The quiet month...

is over. Started a new gig yesterday and while I am having a financial freak out it feels great to be back in the kitchen. So great that after venting to my new (I don't know what to call him yet- he does not like chef- KM I guess will do), ok then, KM about it I went on about the business of cooking and had a lot of fun. It will take me several weeks to remember how to get back the old kitchen persona where it is ok to cuss like a pirate and make crass comments and sing and actually say what is on my mind without having to worry about student sensibilities. Had a decent start at it yesterday. And, there is a chance I may be the only woman in the kitchen with the night crew; that's how I like it. There is much to say about previously mentioned KM even after one shift. Told him already that he is the doppelganger of one of my favorite people on the planet. Wish that person would reappear from the canyons of NYC. Somewhat dangerous territory for me. In talking to family I have already been asked to watch my heart. It could be flung far open and too much could pour out; it's been far too long and several other recent interactions remind me of what has- been missing is the wrong phrase- not been a focus is more apropos.

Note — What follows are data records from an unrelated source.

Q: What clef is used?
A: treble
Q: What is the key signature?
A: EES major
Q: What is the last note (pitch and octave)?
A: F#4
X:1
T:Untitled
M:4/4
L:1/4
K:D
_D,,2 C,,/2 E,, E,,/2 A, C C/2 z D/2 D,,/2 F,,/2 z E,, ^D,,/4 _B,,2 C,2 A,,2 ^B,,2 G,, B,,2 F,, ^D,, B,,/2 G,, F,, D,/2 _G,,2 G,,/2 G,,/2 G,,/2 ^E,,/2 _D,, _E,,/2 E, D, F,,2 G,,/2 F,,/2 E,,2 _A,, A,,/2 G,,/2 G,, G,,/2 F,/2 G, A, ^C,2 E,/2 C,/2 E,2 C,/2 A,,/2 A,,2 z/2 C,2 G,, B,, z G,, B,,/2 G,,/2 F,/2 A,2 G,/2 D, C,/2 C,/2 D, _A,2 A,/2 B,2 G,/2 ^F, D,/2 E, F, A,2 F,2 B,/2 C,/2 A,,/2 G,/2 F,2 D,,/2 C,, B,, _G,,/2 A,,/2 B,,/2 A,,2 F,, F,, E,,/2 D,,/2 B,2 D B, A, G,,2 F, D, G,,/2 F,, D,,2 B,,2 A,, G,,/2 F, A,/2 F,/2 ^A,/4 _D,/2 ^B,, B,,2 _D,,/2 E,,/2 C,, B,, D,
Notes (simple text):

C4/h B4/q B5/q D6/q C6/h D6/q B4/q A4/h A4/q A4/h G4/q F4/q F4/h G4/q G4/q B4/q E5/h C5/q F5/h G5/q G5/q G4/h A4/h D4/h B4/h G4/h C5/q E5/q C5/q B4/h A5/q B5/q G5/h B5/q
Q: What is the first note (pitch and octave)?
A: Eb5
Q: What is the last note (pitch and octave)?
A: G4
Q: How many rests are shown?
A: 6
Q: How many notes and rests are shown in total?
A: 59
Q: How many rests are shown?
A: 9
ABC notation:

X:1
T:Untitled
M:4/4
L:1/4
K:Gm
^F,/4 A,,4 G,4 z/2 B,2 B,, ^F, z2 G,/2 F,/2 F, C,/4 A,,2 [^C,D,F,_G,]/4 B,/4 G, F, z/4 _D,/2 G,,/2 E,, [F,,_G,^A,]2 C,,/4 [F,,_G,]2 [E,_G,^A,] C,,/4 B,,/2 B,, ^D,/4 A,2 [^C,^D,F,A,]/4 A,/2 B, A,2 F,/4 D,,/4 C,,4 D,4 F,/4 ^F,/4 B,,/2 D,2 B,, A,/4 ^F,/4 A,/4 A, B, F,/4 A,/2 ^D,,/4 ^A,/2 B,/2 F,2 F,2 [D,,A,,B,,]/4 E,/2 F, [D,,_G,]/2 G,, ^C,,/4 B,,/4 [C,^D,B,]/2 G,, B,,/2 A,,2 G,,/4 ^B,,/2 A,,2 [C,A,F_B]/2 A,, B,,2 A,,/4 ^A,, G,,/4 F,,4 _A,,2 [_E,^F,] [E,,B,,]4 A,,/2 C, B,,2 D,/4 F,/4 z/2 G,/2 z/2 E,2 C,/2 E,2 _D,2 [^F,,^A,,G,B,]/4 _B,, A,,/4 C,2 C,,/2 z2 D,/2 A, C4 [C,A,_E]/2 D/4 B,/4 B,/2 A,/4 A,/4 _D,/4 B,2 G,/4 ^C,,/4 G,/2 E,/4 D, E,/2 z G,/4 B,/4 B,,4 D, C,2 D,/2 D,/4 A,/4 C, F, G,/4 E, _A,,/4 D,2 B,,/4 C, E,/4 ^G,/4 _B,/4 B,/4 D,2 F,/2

The new place is a recently opened food coop and I am part of the prepared foods department. Apparently in two hours last night I accomplished more than one of the departed would in an entire shift. I am still trying to learn where everything is and I have not even gotten a new notebook yet. What will happen when I understand the flow and customer expectations and management desires? I see this as a place where I will have room to grow and we talked about it from the start of the interview process. While I am making less than half (HALF!) of what I walked away from, my mantra is, once again, it's only money, I'll get more. What matters right now is that I am making food I believe in and am around people who are talking about food as well. There have been several who have commented on the apparent lack of local interest in the topic and what is delicious and beautiful. I am excited to be feeling like I can be part of a group that is going to inspire the devotion to local, sustainable, unmasked joy of ingredients and producers that surrounded the Canada community. For now, especially, it just feels good to have a knife in my hand again.